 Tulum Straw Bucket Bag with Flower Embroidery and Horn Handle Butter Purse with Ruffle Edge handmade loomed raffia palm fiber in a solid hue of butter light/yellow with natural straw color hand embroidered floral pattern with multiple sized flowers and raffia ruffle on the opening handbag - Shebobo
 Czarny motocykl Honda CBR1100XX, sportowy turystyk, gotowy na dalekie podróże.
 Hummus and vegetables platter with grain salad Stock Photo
--
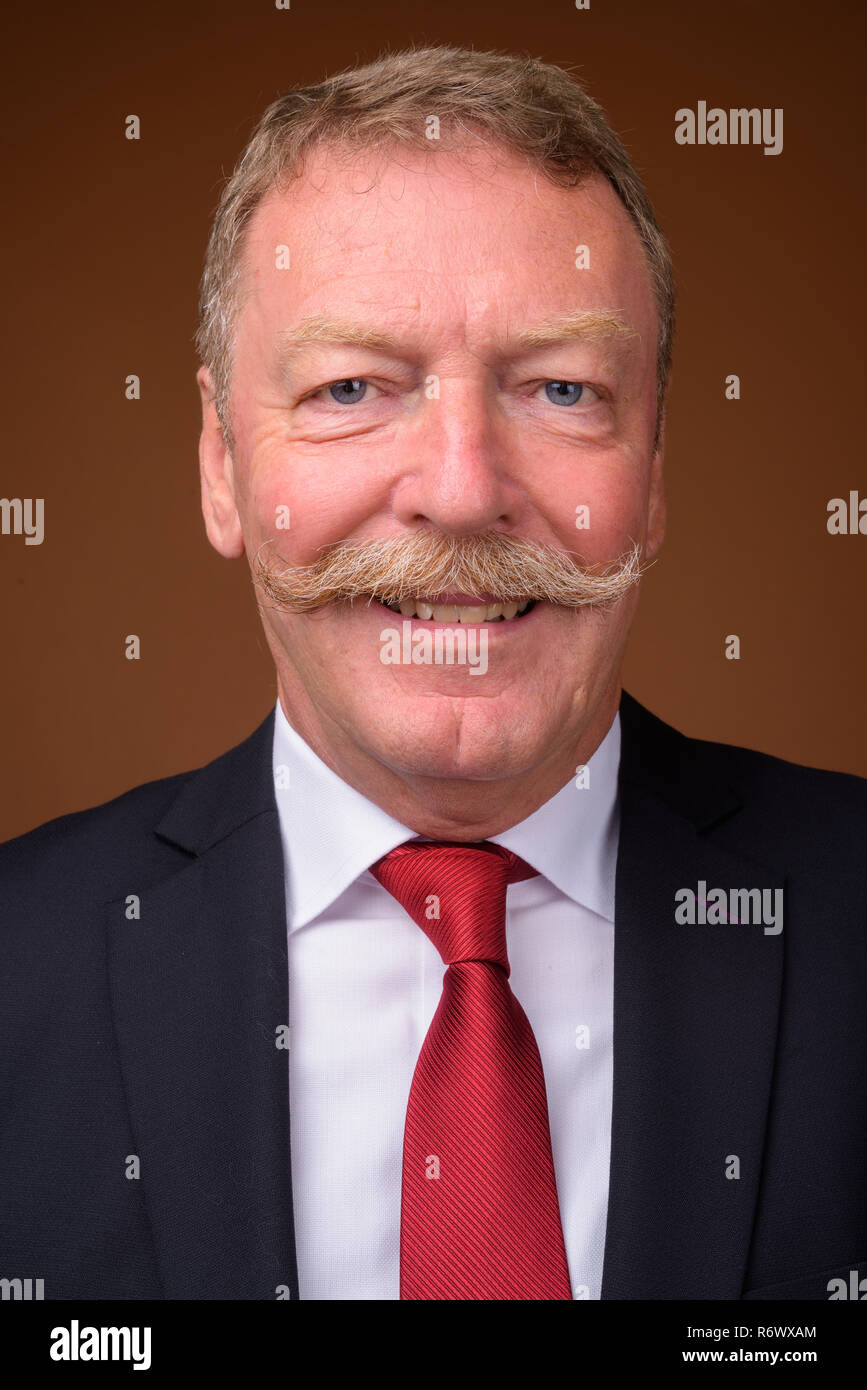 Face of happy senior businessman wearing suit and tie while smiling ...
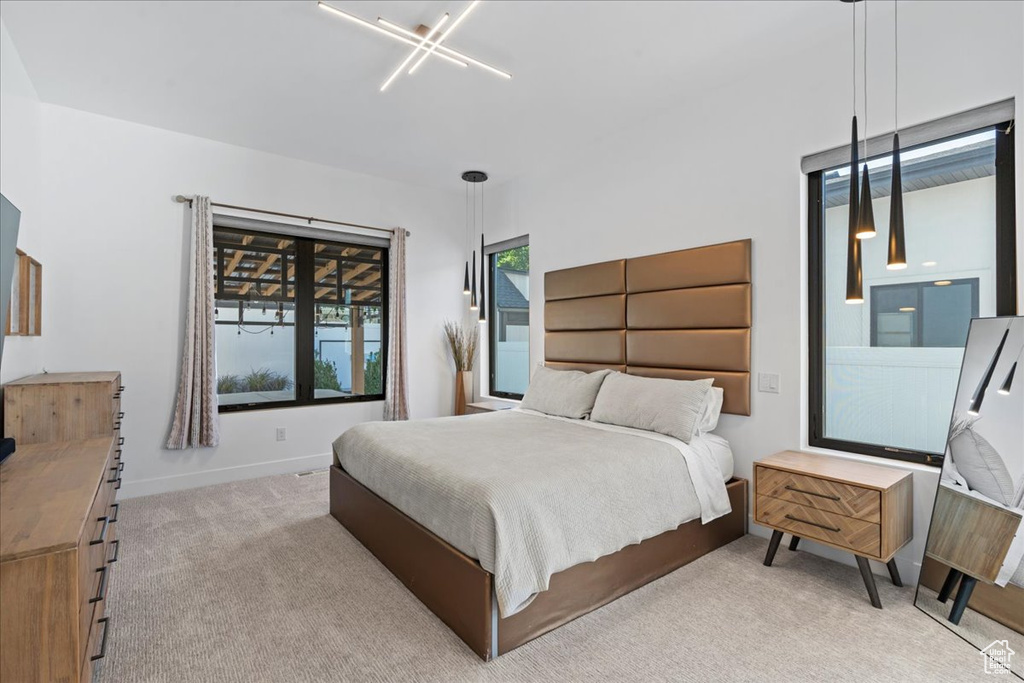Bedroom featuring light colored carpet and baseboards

Directions:
The lines above, starting at the one with "Czarny motocykl Honda" and ending at the one with "Hummus and vegetables", are the only ones to return, exactly as written.

The completed task:
 Czarny motocykl Honda CBR1100XX, sportowy turystyk, gotowy na dalekie podróże.
 Hummus and vegetables platter with grain salad Stock Photo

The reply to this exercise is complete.